Recorded data:
※ ※ ※
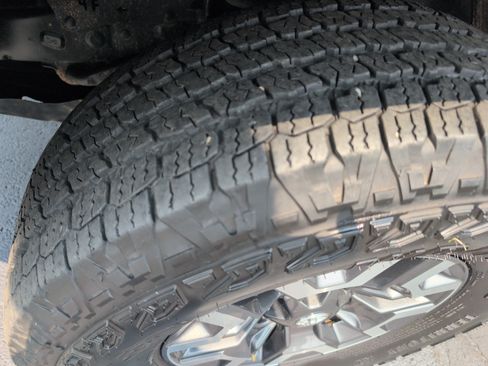 Used 2023 Toyota Tacoma TRD Off-Road w/ TRD Premium Off Road Package AWD/4WD image 12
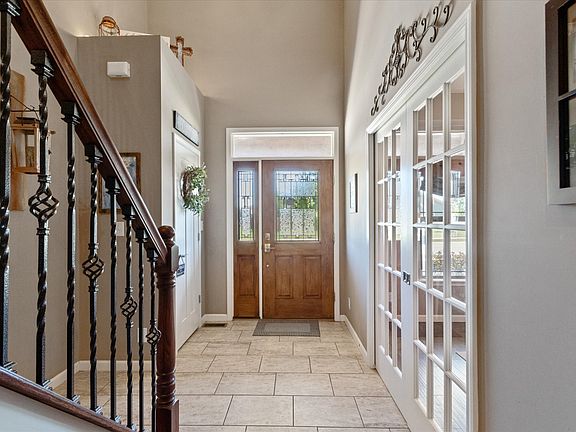 2nd image of 2904 Lily Dr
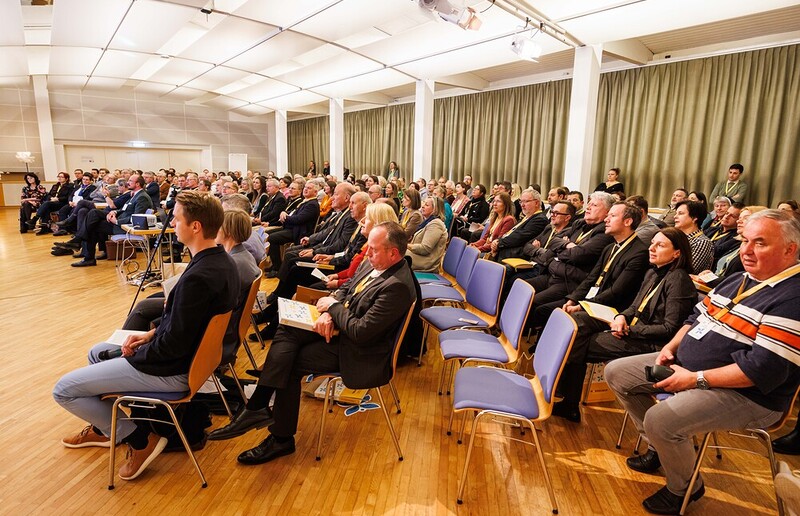 Im Plenumssaal der Diözesankonferenz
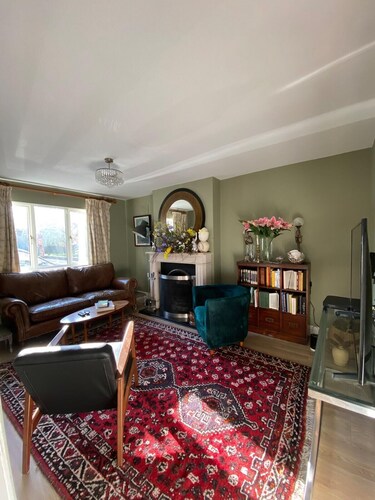 4 Bed House - Sleeps 8 - Pets - Parking - Wifi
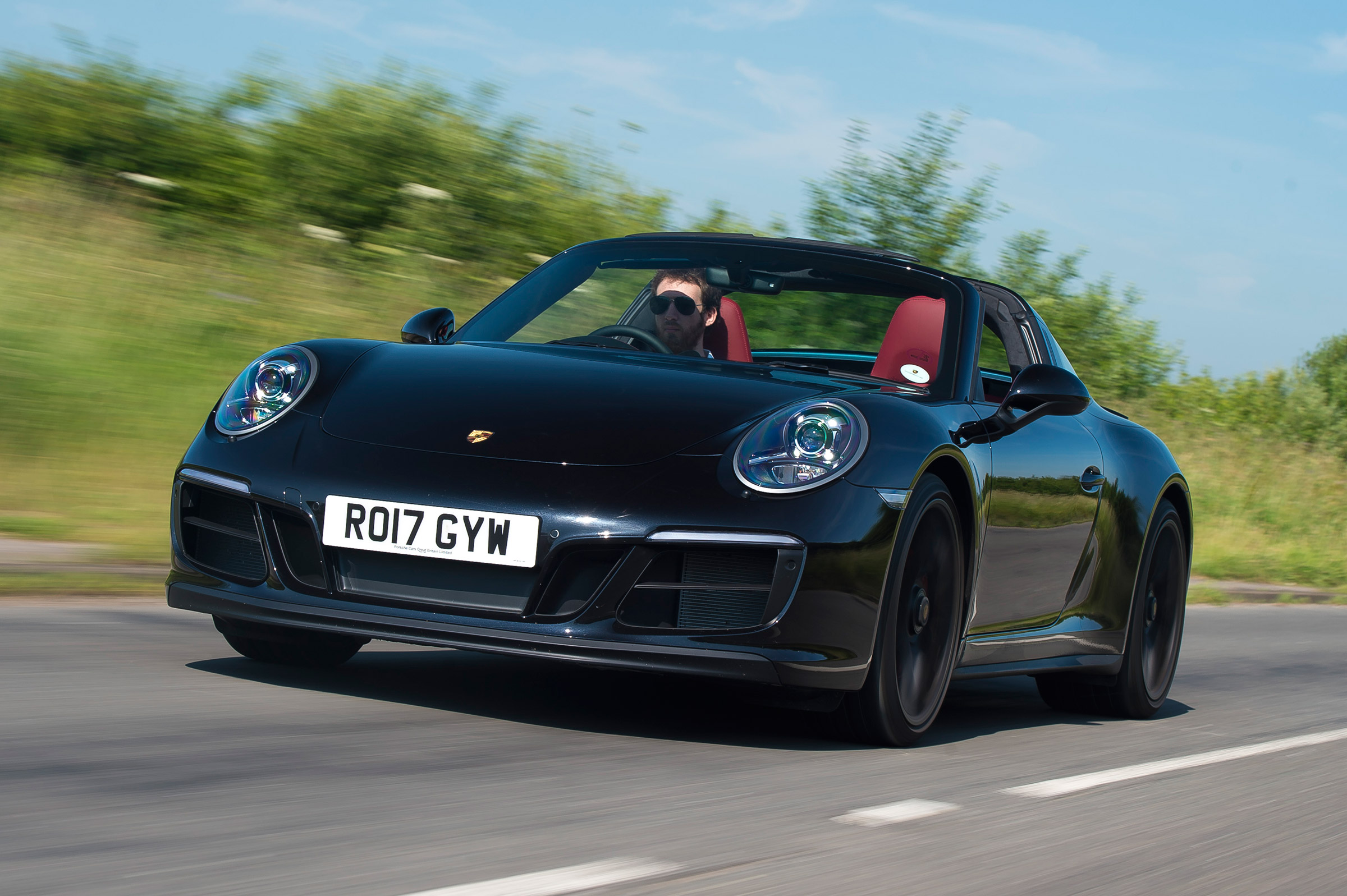 Porsche 911 Targa GTS - front
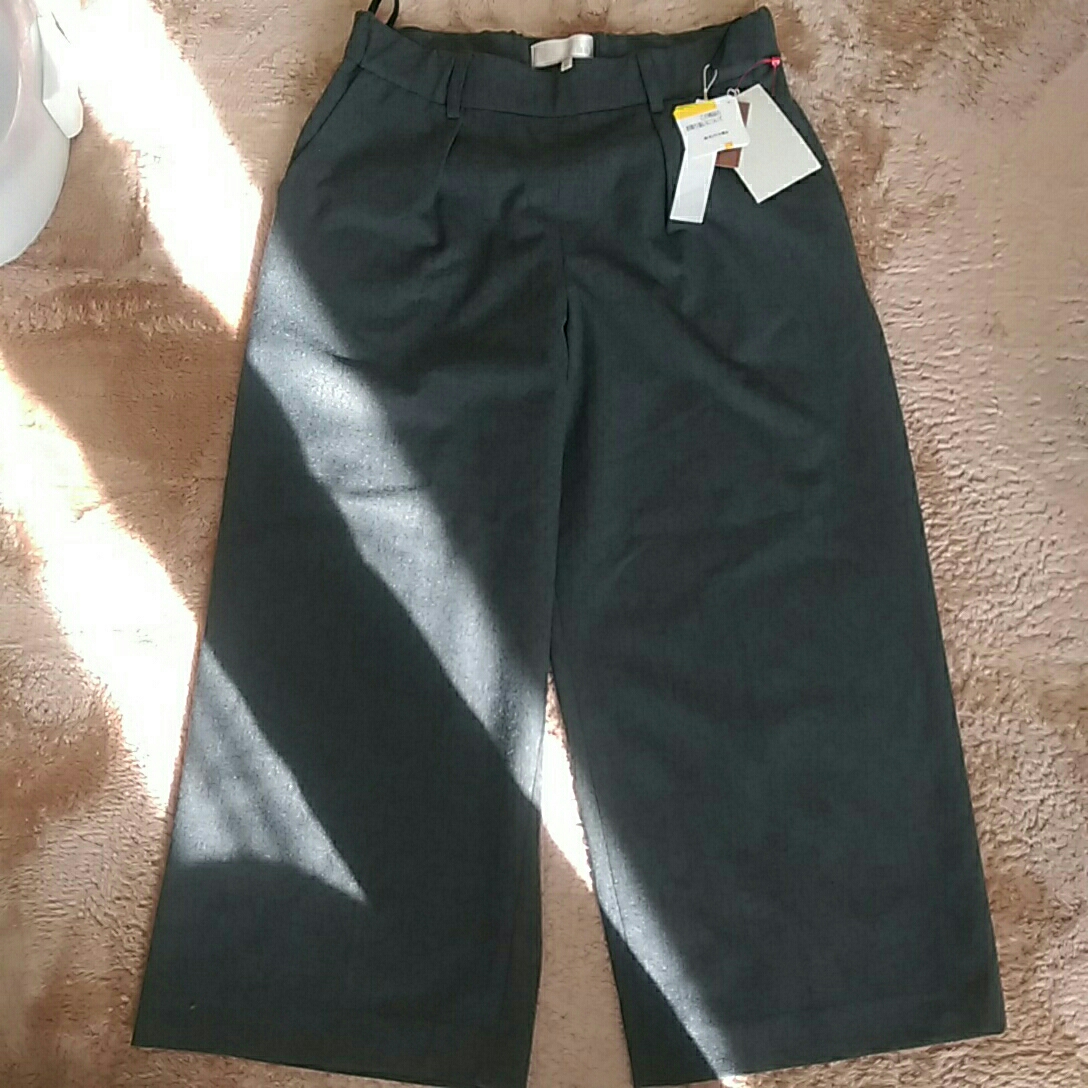 新作登場，本物保証 冬物 オンワード樫山 ONWARD 自由区 品 本体価格￥14900円 サイズ38号 あり ￥100円スタート ます(自由区)｜売買されたオークション情報、yahooの商品情報をアーカイブ公開 - オークファン 自由区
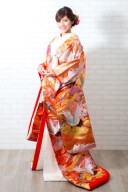 ドレスも打掛も、店内どの衣装を選んでも追加料金なし♪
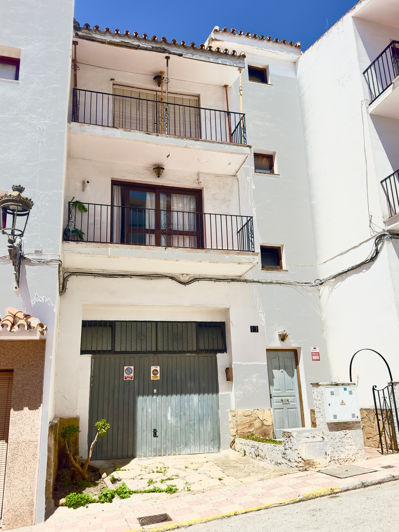 Image No.1-3 Bed Townhouse for sale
※ ※ ※
## ASSIGNMENT
Skipping any pictures, copy the line that holds "2nd image of 2904 Lily Dr" and each line after it through the last line of the records, unchanged, and no other lines.

## WRITTEN SOLUTION
 2nd image of 2904 Lily Dr
 Im Plenumssaal der Diözesankonferenz
 4 Bed House - Sleeps 8 - Pets - Parking - Wifi
 Porsche 911 Targa GTS - front
 新作登場，本物保証 冬物 オンワード樫山 ONWARD 自由区 品 本体価格￥14900円 サイズ38号 あり ￥100円スタート ます(自由区)｜売買されたオークション情報、yahooの商品情報をアーカイブ公開 - オークファン 自由区
 ドレスも打掛も、店内どの衣装を選んでも追加料金なし♪
 Image No.1-3 Bed Townhouse for sale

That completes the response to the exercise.